Letter from the Editors
When we first decided on the topic of this issue – our 5th, which feels like a milestone – bringing it up in casual conversation with colleagues, we were naturally met with the response: “That’s a big topic”.
It is a big one. And one with a growing presence in the art ecosystem. Some references that appeared in our initial research included articles such as ”Art in Solidarity with Itself” in Arts of the Working Class (2021), “The Artworld’s Crisis of Solidarity in Art Review (2020), and “How Can Art Support Solidarity Movements” in Frieze (2019); as well as the exhibition “Actions of Art and Solidarity” at Kunstnernes Hus in Oslo (2021); and the corresponding publication Art and Solidarity Reader published by Valiz (2022), to name a few.
As might be expected, Documenta Fifteen has also become central to conversations around solidarity and art over the past few months – it’s mentioned in several instances in this issue, though each with a different focus: whether on the approach to curating, childcare, or friendship. The label of friendship itself is also considered within a systemic/institutional context here: in its potential to be weaponized and alternatively perceived as weapon or threat, in texts by Linnéa Bake, and Jasper Westhaus.

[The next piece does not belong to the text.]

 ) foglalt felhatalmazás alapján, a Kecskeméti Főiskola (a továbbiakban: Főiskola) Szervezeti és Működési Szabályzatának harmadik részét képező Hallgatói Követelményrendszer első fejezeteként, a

Linnéa’s contribution also takes a publication as its point of departure, just as Maya Wallis – who joined us for a residency last summer – offers a review of a collaborative publishing project of her own. This again brings us back to Documenta Fifteen: namely, to its lumbung of Publishers, which offered independent publishers the opportunity to share knowledge and build a lasting network. And as independent publishers ourselves, it makes us reflect on our own networks and ways of working, and how solidarity might be practiced in this context.
Of course, the sharing of resources and knowledge is deeply embedded in independent publishing practices in ways both direct and indirect. After attending our first publishing fair in 2019, we were pleasantly surprised by the supportive environment and the sense of community we encountered there: from exchanging books with other publishers to looking after each other’s tables during a much-needed break. It has even led to lasting connections and friendships in both our personal and professional lives.

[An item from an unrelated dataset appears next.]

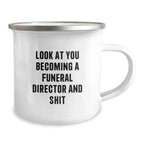 Funny Funeral Director Gifts for Men - Christmas Unique Mugs, 'Look At You Becoming A Funeral Director And Shit' - Camping Mug Gifts from Friends to Family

It is even in the fiber of this print issue: We recently implemented a new font – Inconstant Regular – online and in print, which is offered free of charge by Dyslexia Scotland and was developed together with designer Daniel Brokstad in order to offer a font that is accessible, appealing and readily available for publishing and design projects. Riso-printing itself we learned last year with the help of our friend Rada Nastai of Bruise Studio. And then there are our friends and colleagues (e.g., Celia Stroom and Maya Wallis) who have kindly offered to facilitate stocking our issues in bookshops from Newcastle to Athens. Or paper positions berlin and She BAM! Galerie Laetitia Gorsy in Leipzig, which have so kindly supported us again and again along this journey.
This specific aspect of solidarity – engrained in the pages of a publication through all of the processes and parts that come together in its production – is even alluded to by Suzanne Dikker at the start of her text, which considers the topic from a material perspective. Continued Conversations… also begin their collaborative text by noting the ‘solid’ in solidarity – as requiring something concrete. But what comes through more and more, not just in their contribution but throughout the issue as a whole is that solidarity is far more difficult to pin down than that: solid yet fluid, maintained yet messy.
This issue, perhaps fittingly, has above all become a place of reflection and a collection of ideas: on what solidarity might mean in terms of artistic labor (Çağla Arıbal and Adam Walker), on how we might practice solidarity collectively even when we find ourselves on the outside (İpek Burçak), and on how small yet powerful opportunities for solidarity might go unnoticed in our everyday lives (Mya Berger).